__REQUIRED WORK__. Find the line that contains "Chint D tipo"; then retype it and each line after it, exactly, through the final line of the data below.

__DATA EXCERPTS__.
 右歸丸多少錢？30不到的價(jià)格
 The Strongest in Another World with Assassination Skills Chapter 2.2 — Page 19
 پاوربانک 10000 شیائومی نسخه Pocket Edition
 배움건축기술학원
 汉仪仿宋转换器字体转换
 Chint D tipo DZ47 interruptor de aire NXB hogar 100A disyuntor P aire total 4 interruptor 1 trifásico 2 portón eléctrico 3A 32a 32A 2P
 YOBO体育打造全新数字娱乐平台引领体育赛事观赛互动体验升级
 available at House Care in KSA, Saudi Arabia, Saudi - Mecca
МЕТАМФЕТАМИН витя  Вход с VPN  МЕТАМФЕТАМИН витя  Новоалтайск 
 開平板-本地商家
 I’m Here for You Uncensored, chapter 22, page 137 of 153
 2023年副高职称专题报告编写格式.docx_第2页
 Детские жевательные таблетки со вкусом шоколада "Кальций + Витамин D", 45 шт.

__TASK OUTPUT__.
 Chint D tipo DZ47 interruptor de aire NXB hogar 100A disyuntor P aire total 4 interruptor 1 trifásico 2 portón eléctrico 3A 32a 32A 2P
 YOBO体育打造全新数字娱乐平台引领体育赛事观赛互动体验升级
 available at House Care in KSA, Saudi Arabia, Saudi - Mecca
МЕТАМФЕТАМИН витя  Вход с VPN  МЕТАМФЕТАМИН витя  Новоалтайск 
 開平板-本地商家
 I’m Here for You Uncensored, chapter 22, page 137 of 153
 2023年副高职称专题报告编写格式.docx_第2页
 Детские жевательные таблетки со вкусом шоколада "Кальций + Витамин D", 45 шт.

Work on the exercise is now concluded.